Can the masses of the Negro people be in any possible way more quickly raised than by the effort and example of this aristocracy of talent and character? Was there ever a nation on God's fair earth civilized from the bottom upward? Never; it is, ever was and ever will be from the top downward that culture filters. The Talented Tenth rises and pulls all that are worth the saving up to their vantage ground. This is the history of human progress; and the two historic mistakes which have hindered that progress were the thinking first that no more could ever rise save the few already risen; or second, that it would better the unrisen to pull the risen down.

How then shall the leaders of a struggling people be trained and the hands of the risen few strengthened? There can be but one answer: The best and most capable of their youth must be schooled in the colleges and universities of the land. We will not quarrel as to just what the university of the Negro should teach or how it should teach it—I willingly admit that each soul and each race-soul needs its own peculiar curriculum. But this is true: A university is a human invention for the transmission of knowledge and culture from generation to generation, through the training of quick minds and pure hearts, and for this work no other human invention will suffice, not even trade and industrial schools.

All men cannot go to college but some men must; every isolated group or nation must have its yeast, must have for the talented few centers of training where men are not so mystified and befuddled by the hard and necessary toil of earning a living, as to have no aims higher than their bellies, and no God greater than Gold. This is true training, and thus in the beginning were the favored sons of the freedmen trained. Out of the colleges of the North came, after the blood of war, Ware, Cravath, Chase, Andrews, Bumstead and Spence to build the foundations of knowledge and civilization in the black South.
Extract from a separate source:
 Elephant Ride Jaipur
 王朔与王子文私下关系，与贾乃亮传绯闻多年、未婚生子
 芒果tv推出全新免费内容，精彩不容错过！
Where ought they to have begun to build? At the bottom, of course, quibbles the mole with his eyes in the earth. Aye! truly at the bottom, at the very bottom; at the bottom of knowledge, down in the very depths of knowledge there where the roots of justice strike into the lowest soil of Truth. And so they did begin; they founded colleges, and up from the colleges shot normal schools, and out from the normal schools went teachers, and around the normal teachers clustered other teachers to teach the public schools; the college trained in Greek and Latin and mathematics, 2,000 men; and these men trained full 50,000 others in morals and manners, and they in turn taught thrift and the alphabet to nine millions of men, who to-day hold $300,000,000 of property. It was a miracle—the most wonderful peace-battle of the 19th century, and yet to-day men smile at it, and in fine superiority tell us that it was all a strange mistake; that a proper way to found a system of education is first to gather the children and buy them spelling books and hoes; afterward men may look about for teachers, if haply they may find them; or again they would teach men Work, but as for Life—why, what has Work to do with Life, they ask vacantly.
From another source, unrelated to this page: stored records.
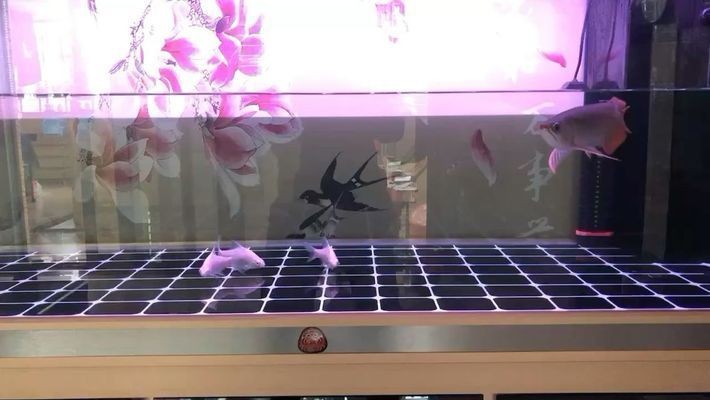 黑金魟魚適宜的飼料選擇：黑金魟魚飼料品牌推薦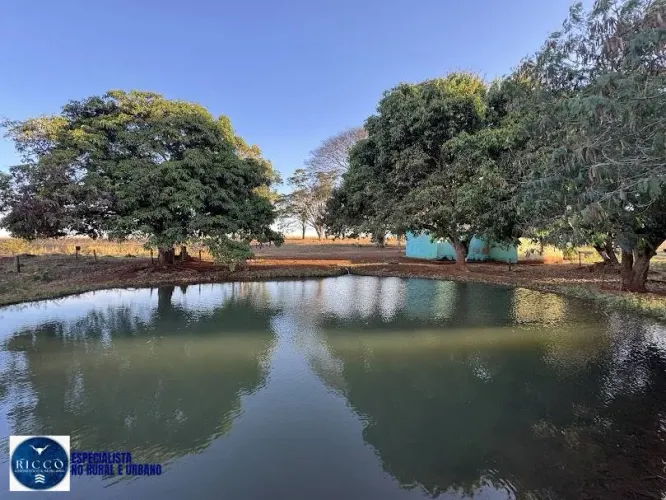 CHÁCARA À VENDA EM ANÁPOLIS-GO | 13 ALQUEIRES | PORTEIRA FECHADA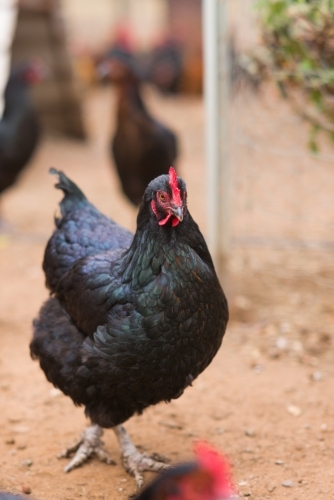 Black chicken outside - Australian Stock Image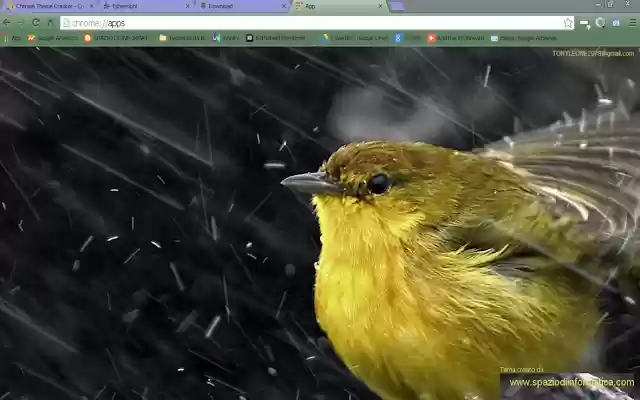 UCCELLINO BAGNATO  from Chrome web store to be run with OffiDocs Chromium online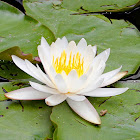 Sweet Water-lily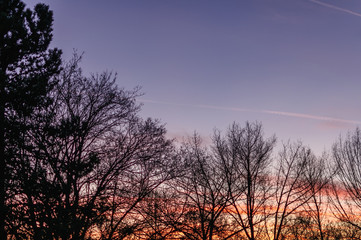 Fototapeta na wymiar Sunset over the forest. Image in the orange-blue toning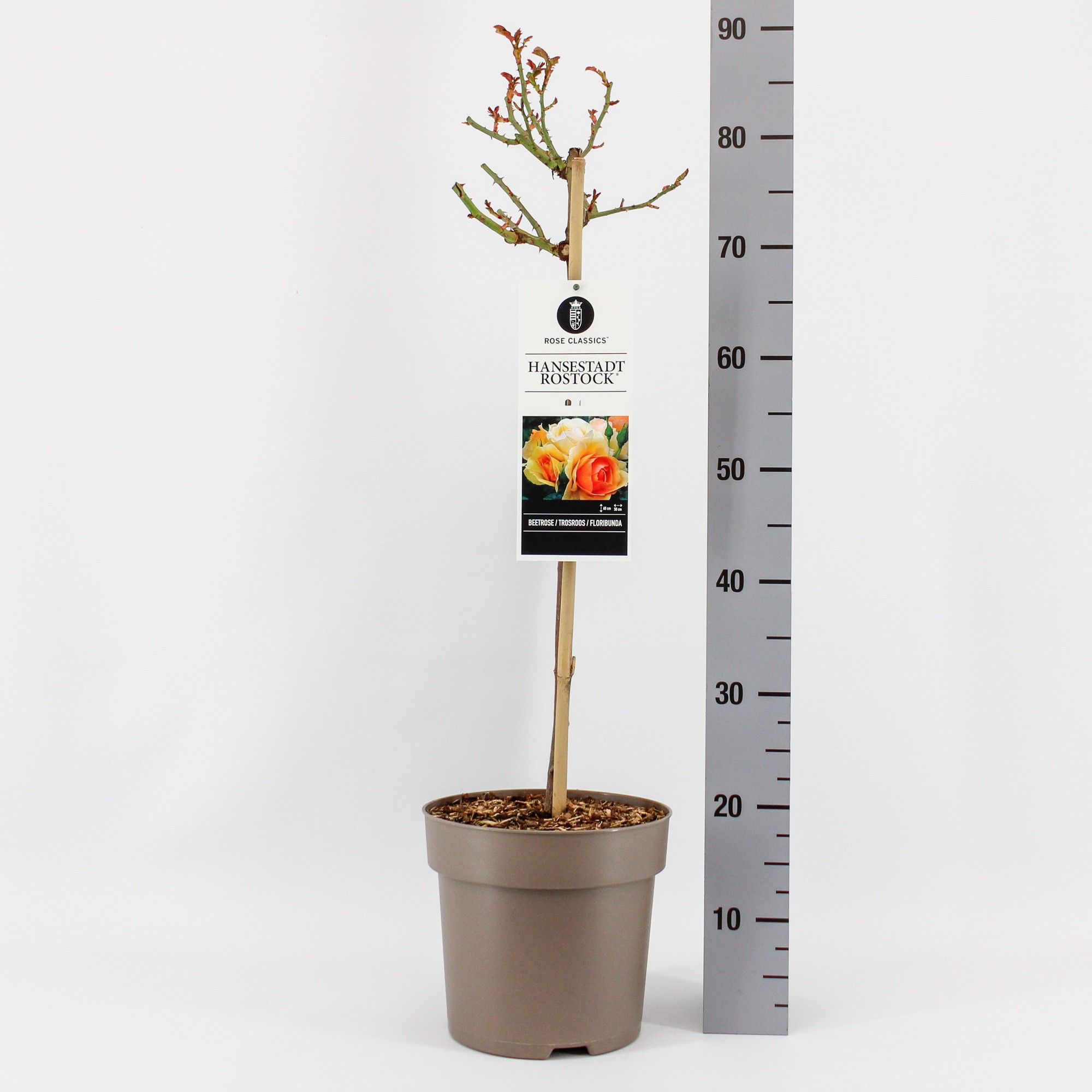 Rosa (F) Hansestadt Rostock ®, stam 50, C6, D 24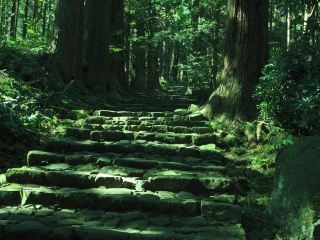 Cape Saikazaki 근처 호텔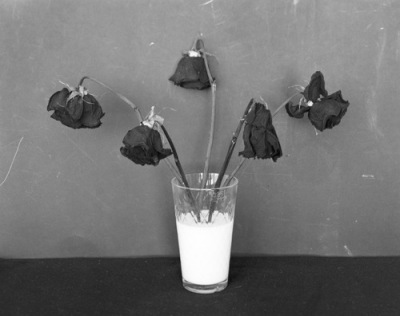 black-and-white-dead-flowers-dead-roses-milk-photography-Favim_com-199550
Was the work of these college founders successful; did it stand the test of time? Did the college graduates, with all their fine theories of life, really live? Are they useful men helping to civilize and elevate their less fortunate fellows? Let us see. Omitting all institutions which have not actually graduated students from a college course, there are to-day in the United States thirty-four institutions giving something above high school training to Negroes and designed especially for this race.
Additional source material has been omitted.